» **Your task**: Output exactly, in the material below, the lines from the one with "1989 Mazda MX-6 - Interior" through the one with "Cheerful family giving shopping bags". Omit all pictures.

» **Exercise data**:
----

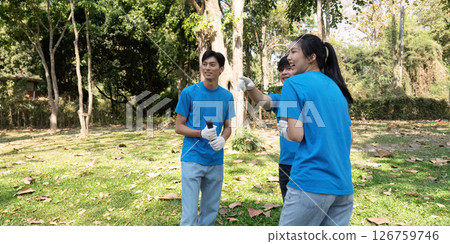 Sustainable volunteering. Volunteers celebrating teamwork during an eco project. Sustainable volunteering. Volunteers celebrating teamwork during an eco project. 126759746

----

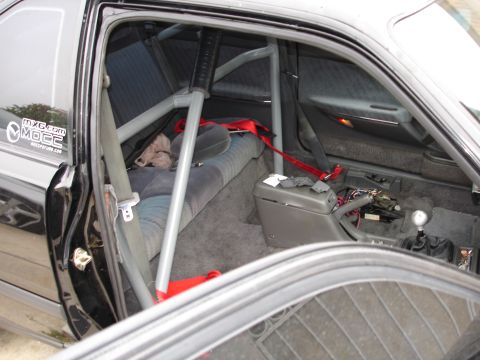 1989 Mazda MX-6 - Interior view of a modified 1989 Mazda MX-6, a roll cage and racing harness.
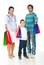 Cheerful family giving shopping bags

----

» **Completed exercise**:
 1989 Mazda MX-6 - Interior view of a modified 1989 Mazda MX-6, a roll cage and racing harness.
 Cheerful family giving shopping bags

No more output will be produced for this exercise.